From the publisher: From the creator of the popular rock ‘n’ roll true crime podcast, Disgraceland comes an off-kilter, hysterical, at times macabre book of stories from the highly entertaining underbelly of music history.
Disgraceland (named after the author’s true crime podcast) is a collection of stories about musicians behaving badly and getting away with it, or at least not suffering any legal consequences. Many of these stories are famous ones that are pretty widely known, such as Jerry Lee Lewis marrying his 13-year-old cousin, or the black metal guy in Norway that murdered the other black metal guy as part of some sort of game of one-upmanship to prove who was more “evil,” a contest that also included arson, neo-Nazis, and cannibalism. However, there are also a few more obscure stories as well.
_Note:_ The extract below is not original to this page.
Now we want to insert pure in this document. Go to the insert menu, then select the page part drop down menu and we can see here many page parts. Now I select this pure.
What sets this book apart from other rock star scandal books is the fanciful way in which the author describes the scenes, inventing the words that may have been spoken, the inner monologues that might have gone through their minds as they committed these acts, or in one case what another dead musician connected to them might have thought as they looked on from the afterlife. The last chapter is entirely made up, featuring an imagined scene of Elvis Presley on the day of his death, having an argument with an alternate version of himself: one who didn’t become a parody of himself, who didn’t follow a bunch of bad advice and fail to reach his full potential.
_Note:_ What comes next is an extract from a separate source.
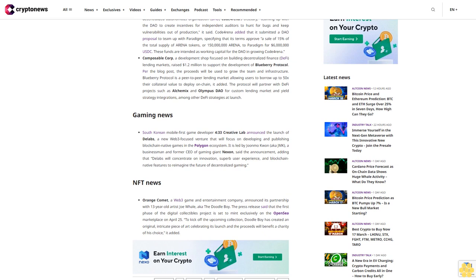Composable Corp, a development shop focused on building decentralized finance (DeFi) lending markets, raised $1.2 million to support the development of Blueberry Protocol. The proceeds will be used to grow the team and infrastructure. Blueberry Protocol is a peer-to-peer lending market allowing users to borrow up to 50x their collateral value to deploy on-chain. The protocol will partner with DeFi projects such as Alchemix and Olympus DAO for custom lending market and yield strategy integrations at launch.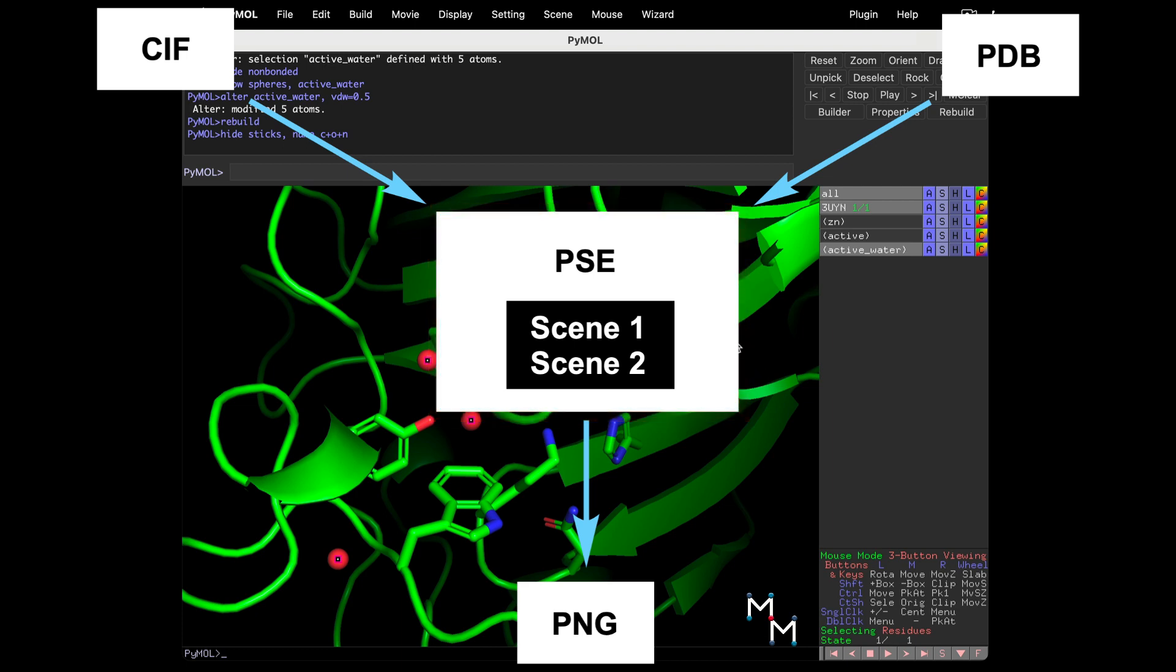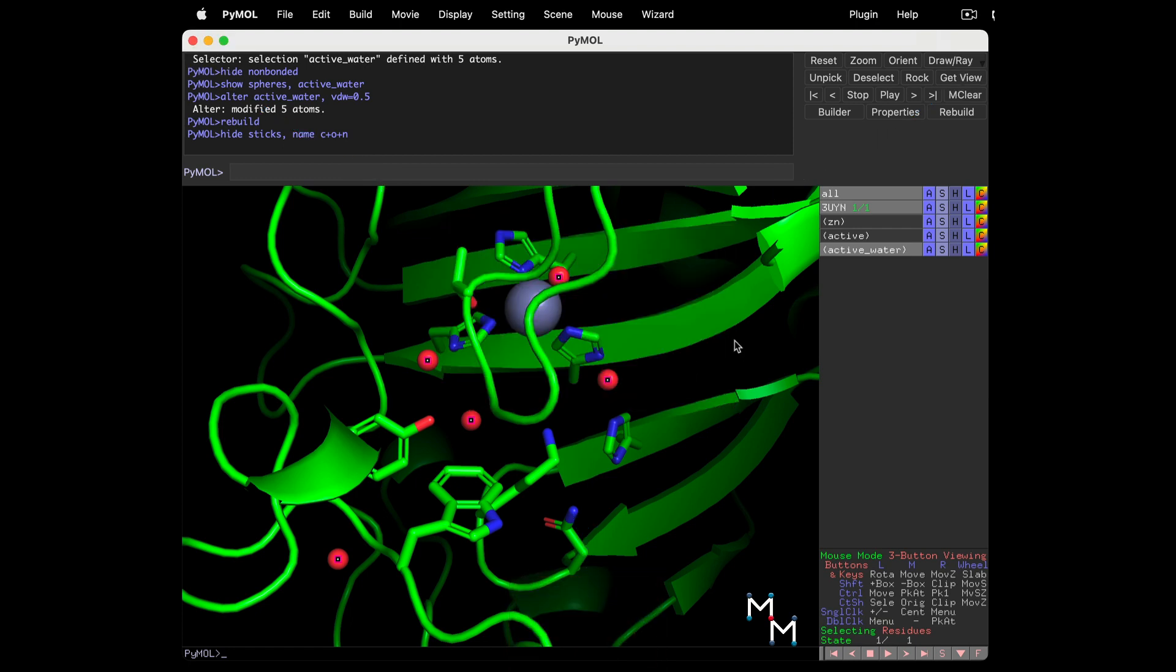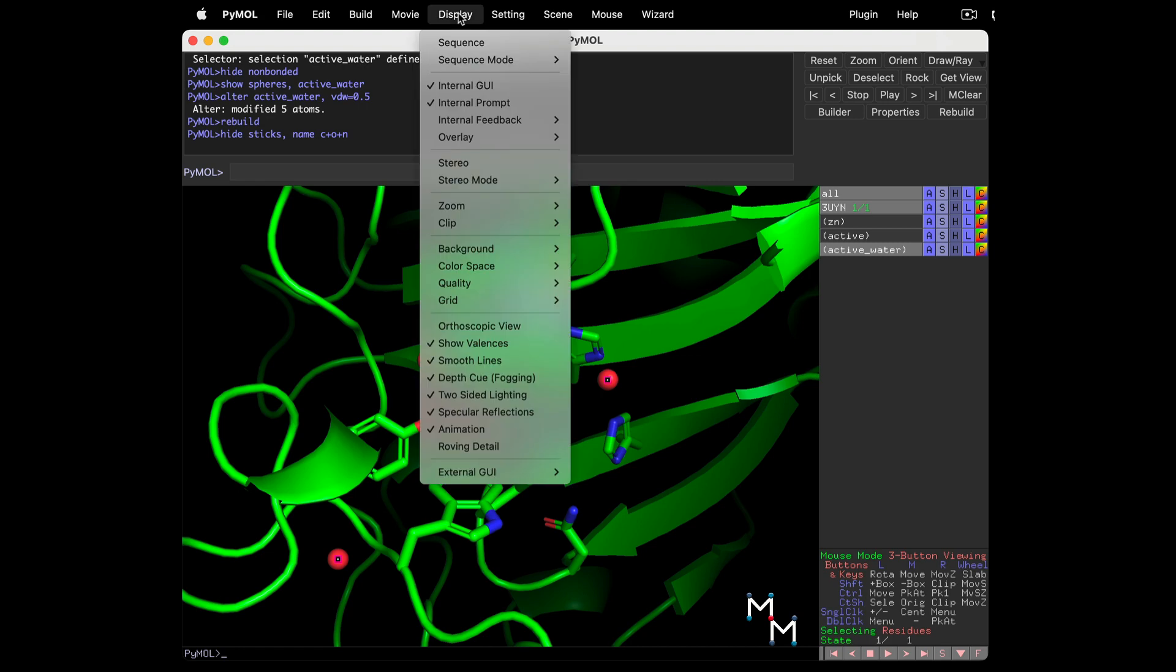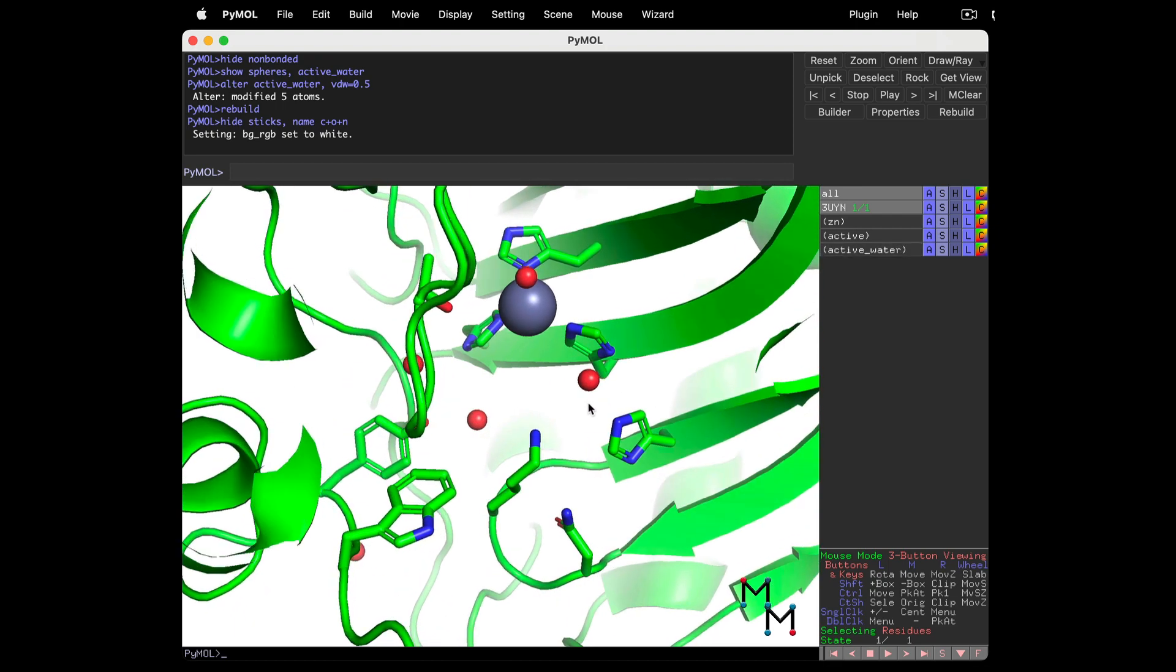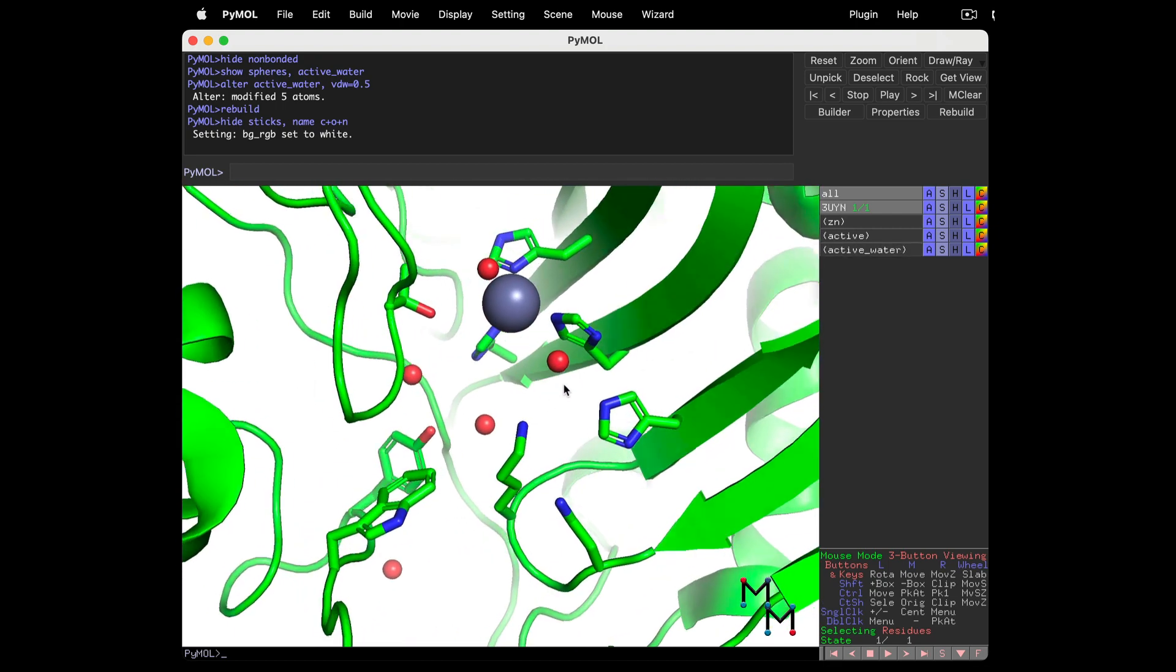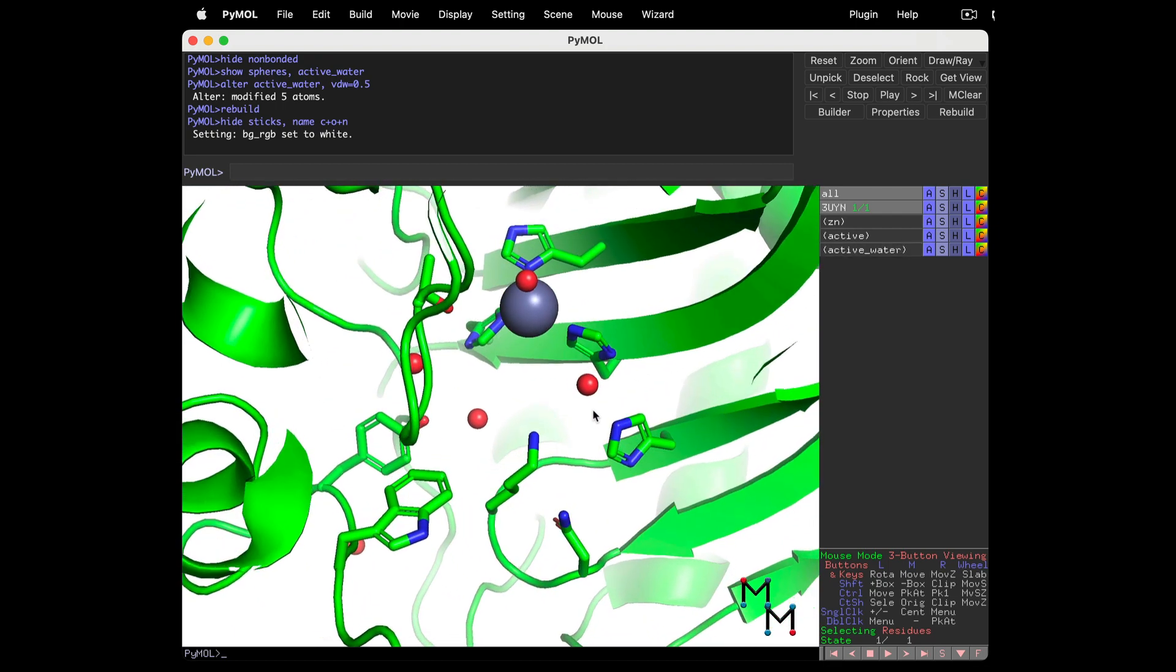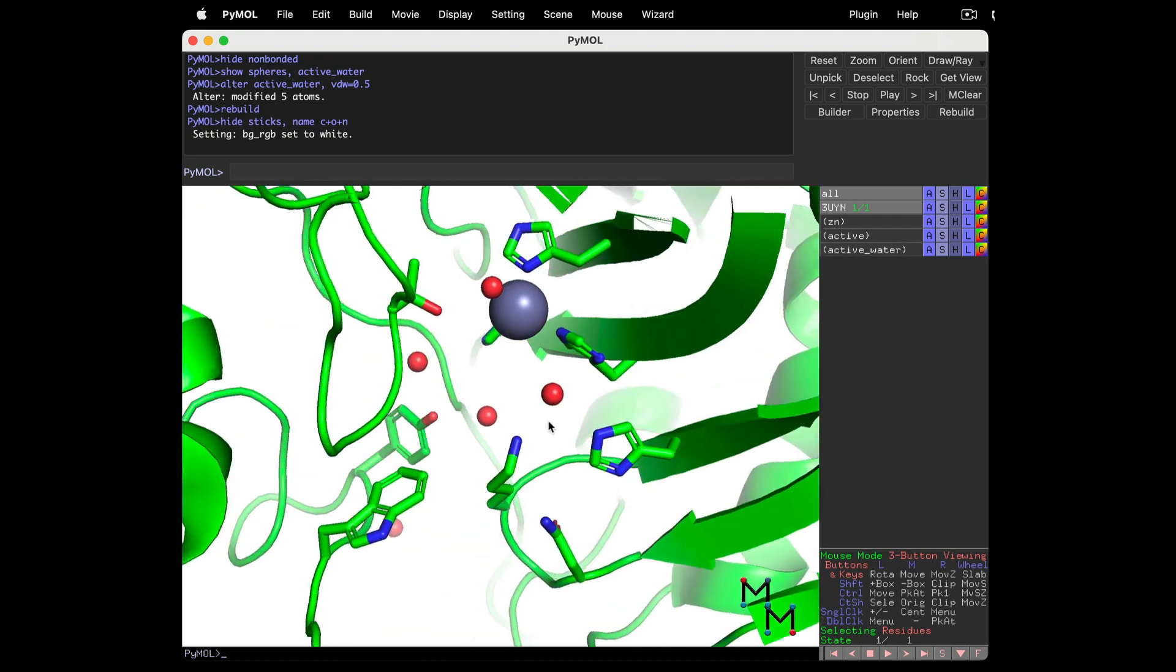Speaking of images, PyMOL exports PNG image files. To prep this structure for a publication quality image, we'll first change the background. In the drop-down menu, Display Background White. The color white is preferred because manuscripts have a white background, and the image appears to float against it.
Unfortunately, this approach really didn’t work for me, as it made the book feel less like an authentic telling of true scandalous stories and more like celebrity fanfiction. Several of the stories also seemed to be pretty biased tellings of events. For example, the chapter on Sid Vicious of the Sex Pistols, whose short career ended abruptly when he was arrested for the murder of his girlfriend Nancy Spurgeon, and who died of a drug overdose some months later. This book portrays Sid as almost an innocent victim who was taken advantage of by the women in his life, first his mother and then Nancy, and who “never had a chance” and bears barely any responsibility for Nancy’s death even though he likely stabbed her. It also features a debunked story about Sid’s mother administering the fatal overdose that killed him, but presents it as the truth. The book does mention all of the sources it used for inspiration, but didn’t necessarily choose the best and most reliable sources available.
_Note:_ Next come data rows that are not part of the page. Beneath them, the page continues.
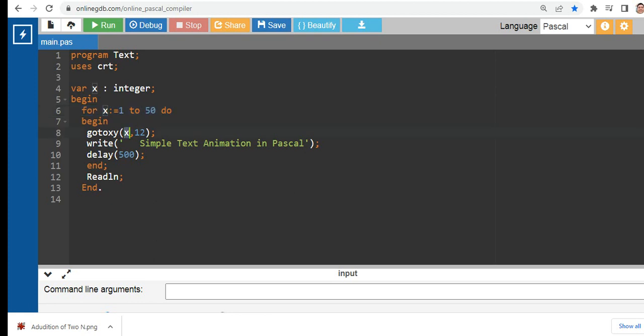Then write 'Simple Text Animation in Pascal', and we have here delay(500). 500 means half of a second. Then we close our for loop statement, then readln, and then end.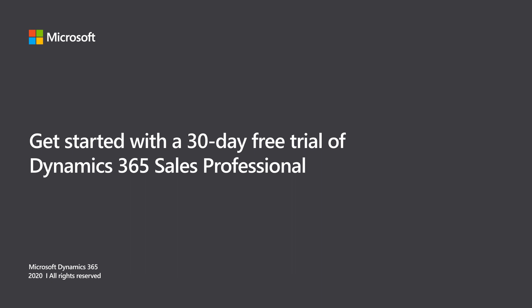Dynamics 365 Sales Professional now supports a fully functional 30-day free trial experience, enabling customers to evaluate the product before making a purchase decision.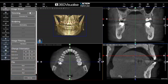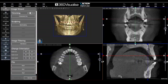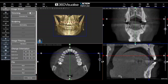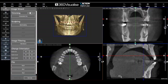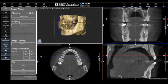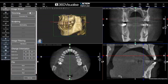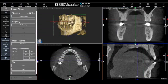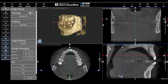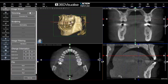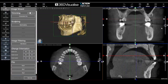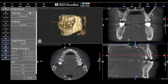We can do the same on the coronal view. This is represented by the blue line, which you can see moves when I drag the slider. The green line represents the sagittal view.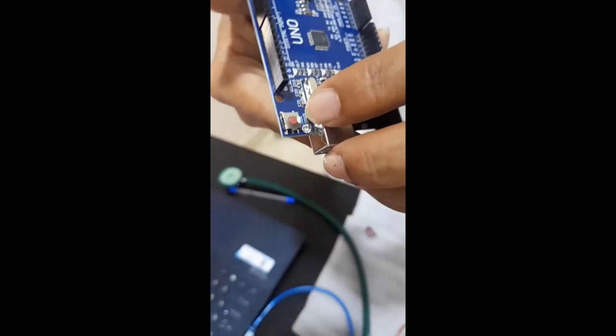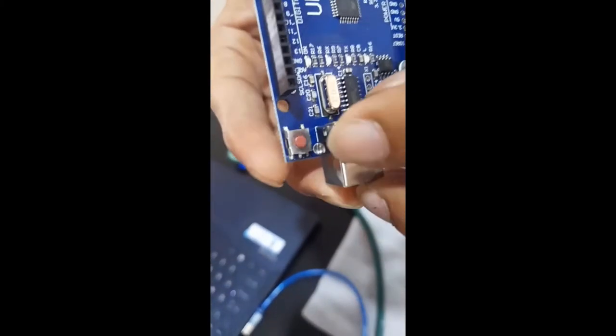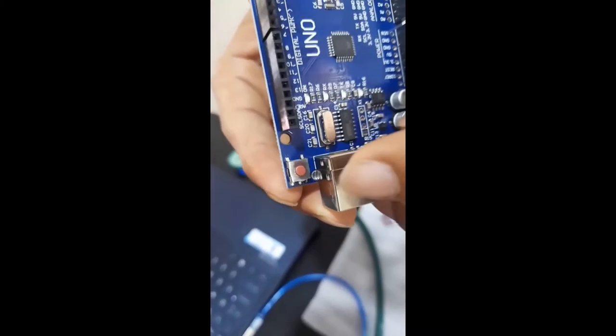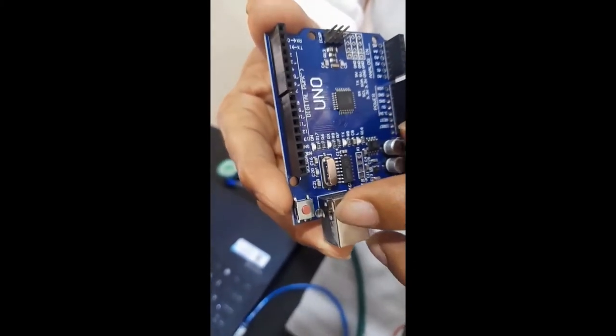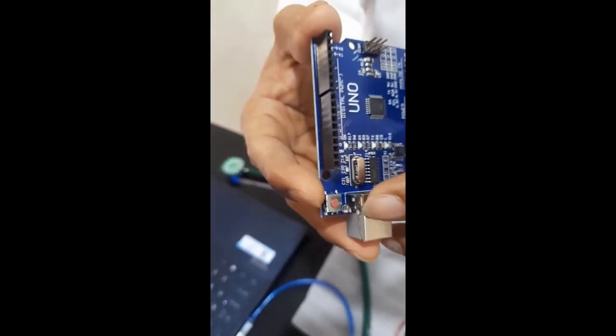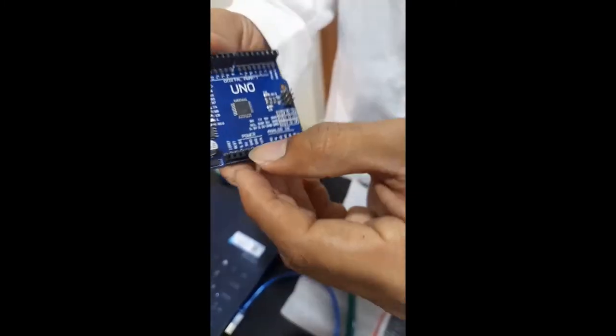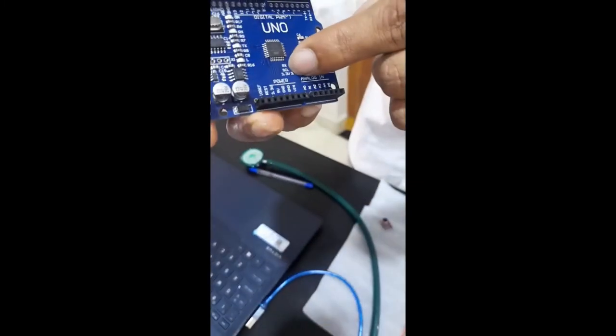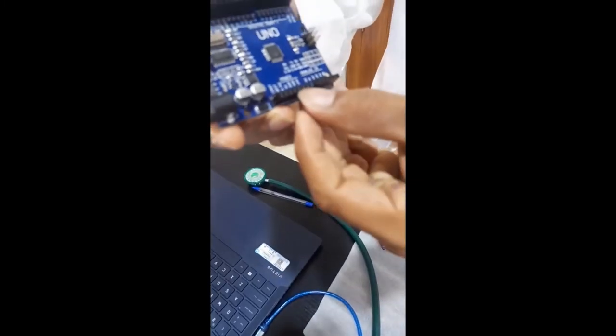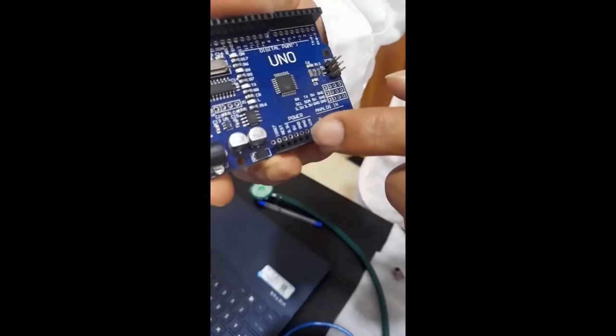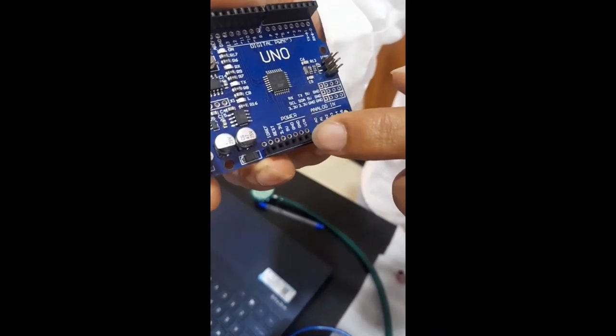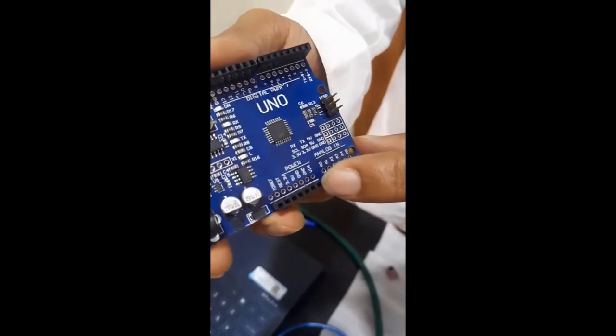As we see, the reset button is in red color. When the button is clicked, it sends a logical pulse to the reset pin of the microcontroller, which restarts the program from the beginning. And we see this is the power source of an Arduino Uno. We can see it has 3.3V, 5V, and ground.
Between the fanciful embellishments of the truth and the reliance on a few questionable sources, what could have been an interesting study of the excesses of the celebrity music lifestyle read more like fiction. While the writing was fairly entertaining, I personally would have preferred that the author stick to the facts rather than using his imagination so much to write how things might have been.
Disgraceland is available for checkout from the Galesburg Public Library.